In computer programming, a characterization test (also known as Golden Master Testing) is a means to describe (characterize) the actual behavior of an existing piece of software, and therefore protect existing behavior of legacy code against unintended changes via automated testing. This term was coined by Michael Feathers. 
The goal of characterization tests is to help developers verify that the modifications made to a reference version of a software system did not modify its behavior in unwanted or undesirable ways. They enable, and provide a safety net for, extending and refactoring code that does not have adequate unit tests.
In James Bachs and Michael Boltons classification of test oracles, this kind of testing corresponds to the historical oracle. In contrast to the usual approach of assertions-based software testing, the outcome of the test is not determined by individual values or properties (that are checked with assertions), but by comparing a complex result of the tested software-process as a whole with the result of the same process in a previous version of the software. In a sense, characterization testing inverts traditional testing: Traditional tests check individual properties (whitelists them), where characterization testing checks all properties that are not removed (blacklisted).
When creating a characterization test, one must observe what outputs occur for a given set of inputs.
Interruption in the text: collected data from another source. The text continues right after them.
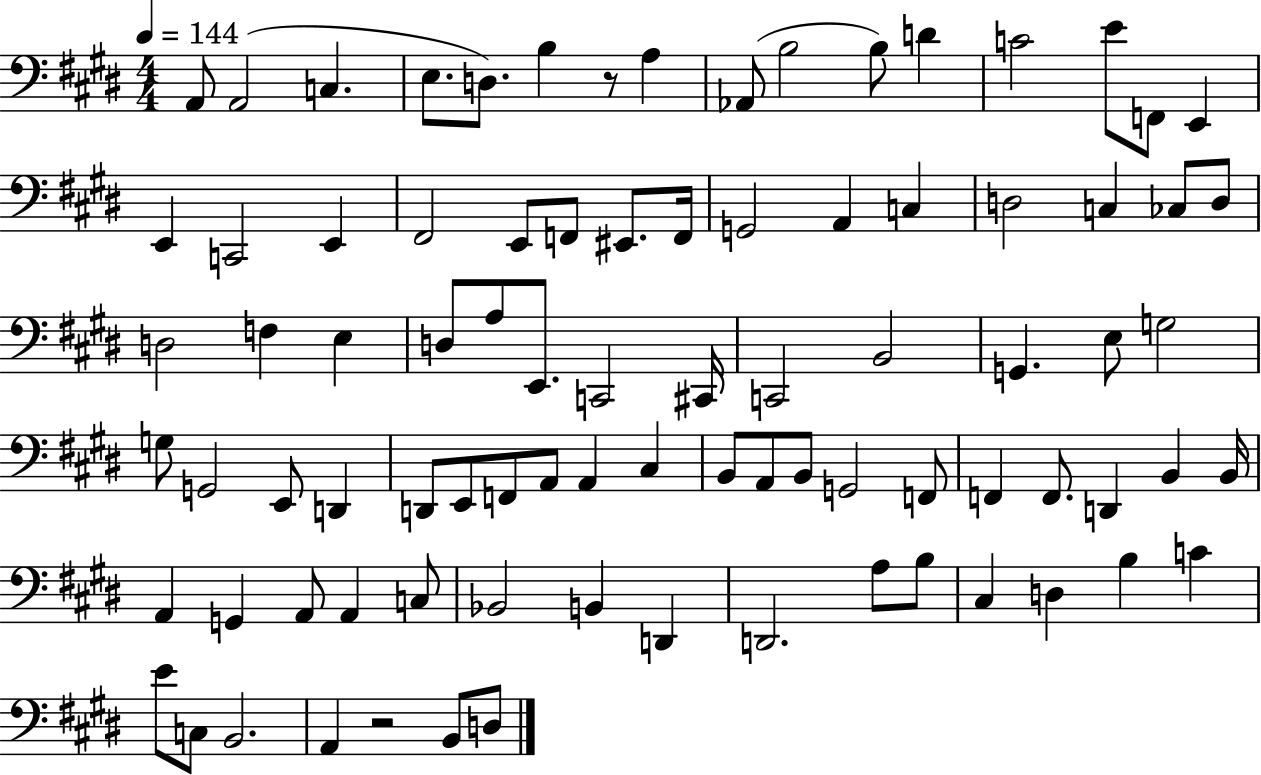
{
  \clef bass
  \numericTimeSignature
  \time 4/4
  \key e \major
  \tempo 4 = 144
  \repeat volta 2 { a,8 a,2( c4. | e8. d8.) b4 r8 a4 | aes,8( b2 b8) d'4 | c'2 e'8 f,8 e,4 | \break e,4 c,2 e,4 | fis,2 e,8 f,8 eis,8. f,16 | g,2 a,4 c4 | d2 c4 ces8 d8 | \break d2 f4 e4 | d8 a8 e,8. c,2 cis,16 | c,2 b,2 | g,4. e8 g2 | \break g8 g,2 e,8 d,4 | d,8 e,8 f,8 a,8 a,4 cis4 | b,8 a,8 b,8 g,2 f,8 | f,4 f,8. d,4 b,4 b,16 | \break a,4 g,4 a,8 a,4 c8 | bes,2 b,4 d,4 | d,2. a8 b8 | cis4 d4 b4 c'4 | \break e'8 c8 b,2. | a,4 r2 b,8 d8 | } \bar "|."
}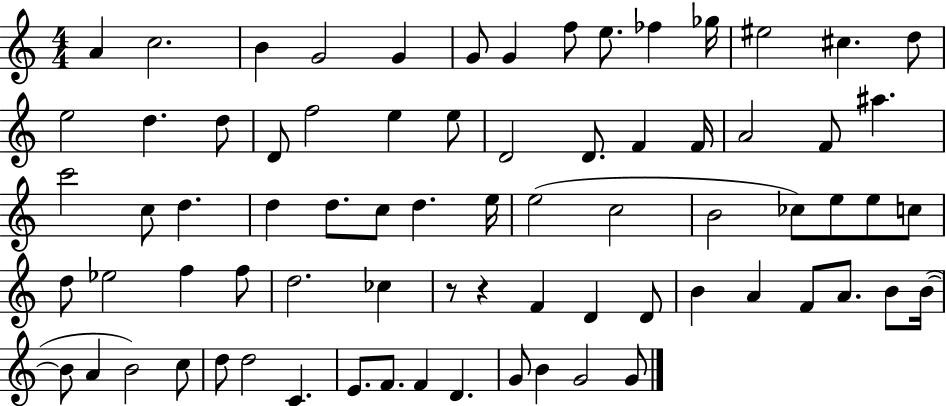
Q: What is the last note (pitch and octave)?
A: G4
Given an observation that the legacy code gives a certain output based on given inputs, then a test can be written that asserts that the output of the legacy code matches the observed result for the given inputs. For example, if one observes that f(3.14) == 42, then this could be created as a characterization test. Then, after modifications to the system, the test can determine if the modifications caused changes in the results when given the same inputs.
Unfortunately, as with any testing, it is generally not possible to create a characterization test for every possible input and output. As such, many people opt for either statement or branch coverage. However, even this can be difficult. Test writers must use their judgment to decide how much testing is appropriate. It is often sufficient to write characterization tests that only cover the specific inputs and outputs that are known to occur, paying special attention to edge cases.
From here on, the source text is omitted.